Work to be completed:
What you return should be only the lines in the entries below between the one holding "Cleveland Cavaliers 2025-26" and the one holding "Dukes Waffy Vanilla Wafers – 55 g", ends included, with every picture left out.

Exercise material:

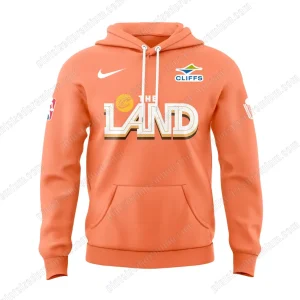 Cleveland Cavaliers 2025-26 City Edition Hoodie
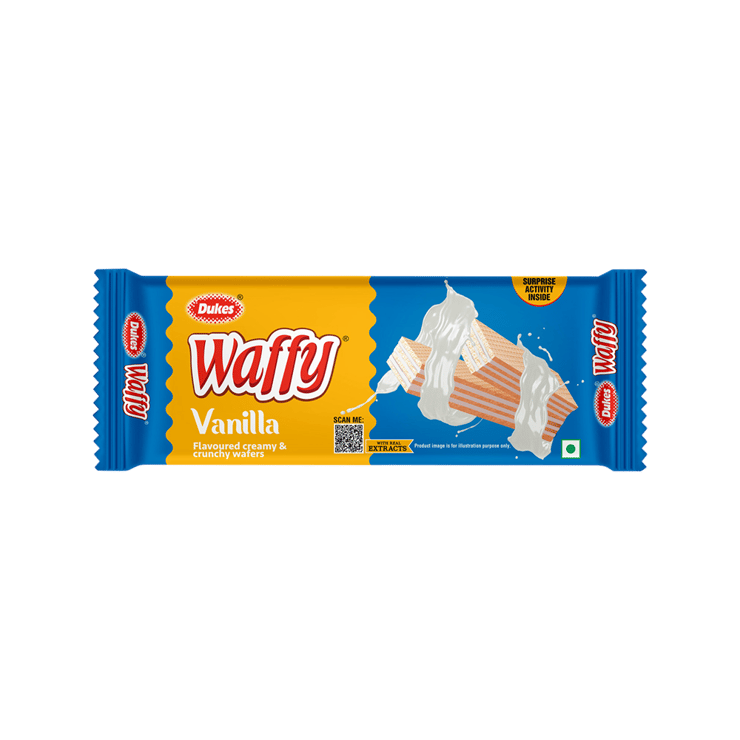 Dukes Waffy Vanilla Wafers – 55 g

...

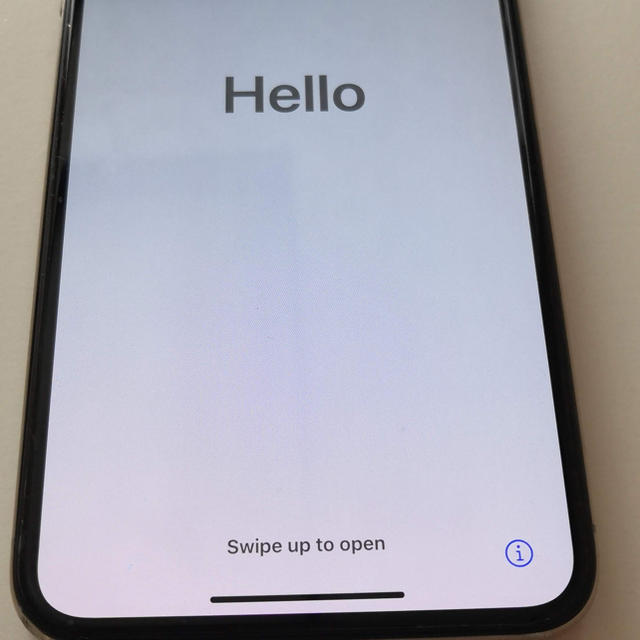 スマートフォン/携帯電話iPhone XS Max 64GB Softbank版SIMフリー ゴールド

==

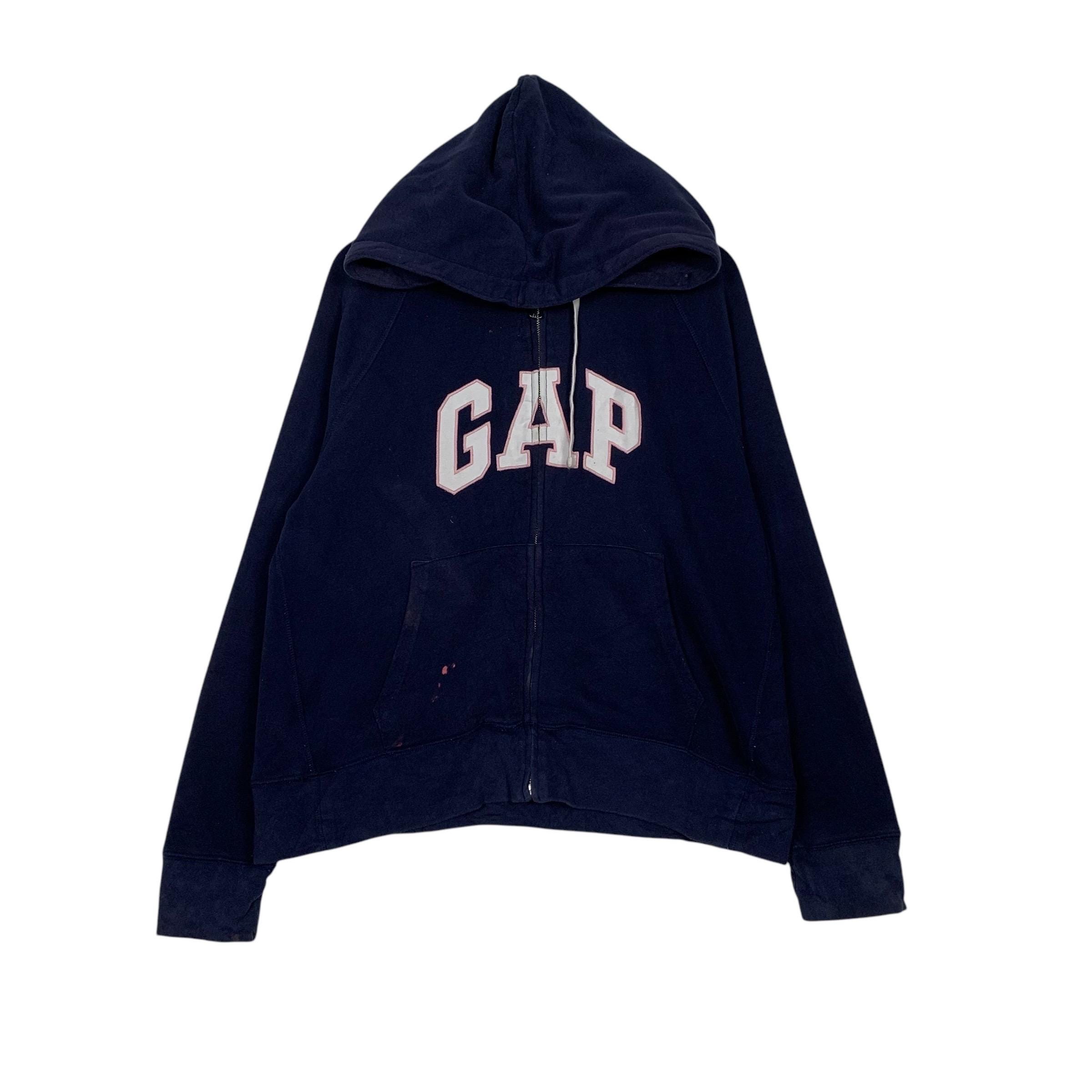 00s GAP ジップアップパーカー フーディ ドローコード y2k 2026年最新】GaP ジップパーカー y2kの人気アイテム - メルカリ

Task answer:
 Cleveland Cavaliers 2025-26 City Edition Hoodie
 Dukes Waffy Vanilla Wafers – 55 g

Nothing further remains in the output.